C is fften considered the gold standard: difficult on the human, nice for the machine. Getting within a factor of 2 of C is often satisfying. Nonetheless, even within C, there are many kinds of optimizations possible that a naive C writer may or may not get the advantage of.

The current author does not speak C, so he does not read the cell below, but is happy to know that you can put C code in a Julia session, compile it, and run it.

In [4]:
C_code = """
#include <stddef.h>
double c_sum(size_t n, double *X) {
    double s = 0.0;
    for (size_t i = 0; i < n; ++i) {
        s += X[i];
    }
    return s;
}
"""

const Clib = tempname()   # make a temporary file


# compile to a shared library by piping C_code to gcc
# (works only if you have gcc installed):

open(`gcc -fPIC -O3 -msse3 -xc -shared -o $(Clib * "." * Libdl.dlext) -`, "w") do f
    print(f, C_code) 
end

# define a Julia function that calls the C function:
c_sum(X::Array{Float64}) = ccall(("c_sum", Clib), Float64, (Csize_t, Ptr{Float64}), length(X), X)

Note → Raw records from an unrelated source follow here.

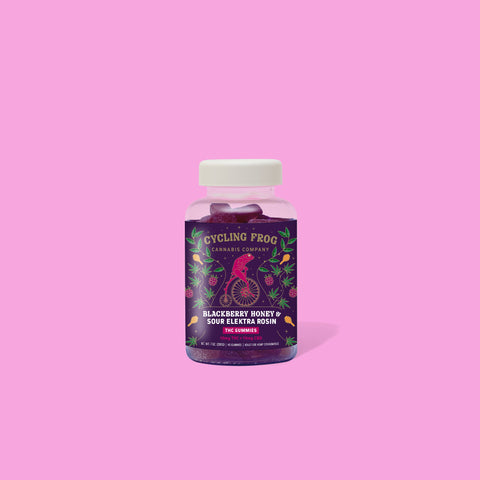 Blackberry Honey Rosin Gummies, 10mg THC + 10mg CBD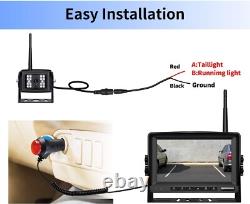 Advanced 1080p Wireless Rear View Camera System for Enhanced Vehicle Reversing
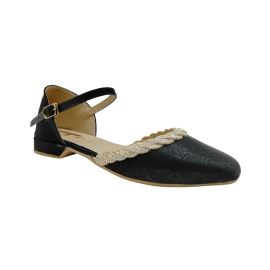 Women Black Flat Shoes SH0330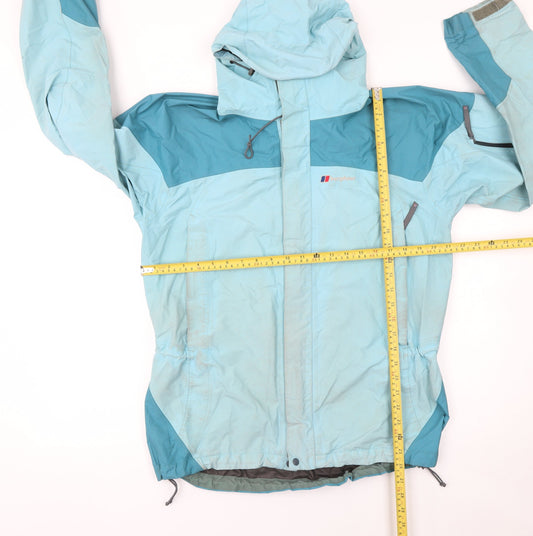 Berghaus Women Blue Waterproof Hooded Rain Jacket Size 14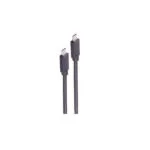 Shiverpeaks USB 2.0 Cable USB-C male - USB-C 100W PD Μαύρο 3m BS13-28045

c_sum (generic function with 1 method)

In [5]:
c_sum(a)

4.999162666236683e6

In [22]:
c_sum(a) ≈ sum(a) # type \approx and then <TAB> to get the ≈ symbol

true

We can now benchmark the C code directly from Julia:

In [8]:
c_bench = @benchmark c_sum($a)

BenchmarkTools.Trial: 
  memory estimate:  0.00 bytes
  allocs estimate:  0
  --------------
  minimum time:     8.366 ms (0.00% GC)
  median time:      8.518 ms (0.00% GC)
  mean time:        8.608 ms (0.00% GC)
  maximum time:     12.149 ms (0.00% GC)
  --------------
  samples:          581
  evals/sample:     1
  time tolerance:   5.00%
  memory tolerance: 1.00%

In [9]:
println("C: Fastest time was $(minimum(c_bench.times)/1e6) msecs.")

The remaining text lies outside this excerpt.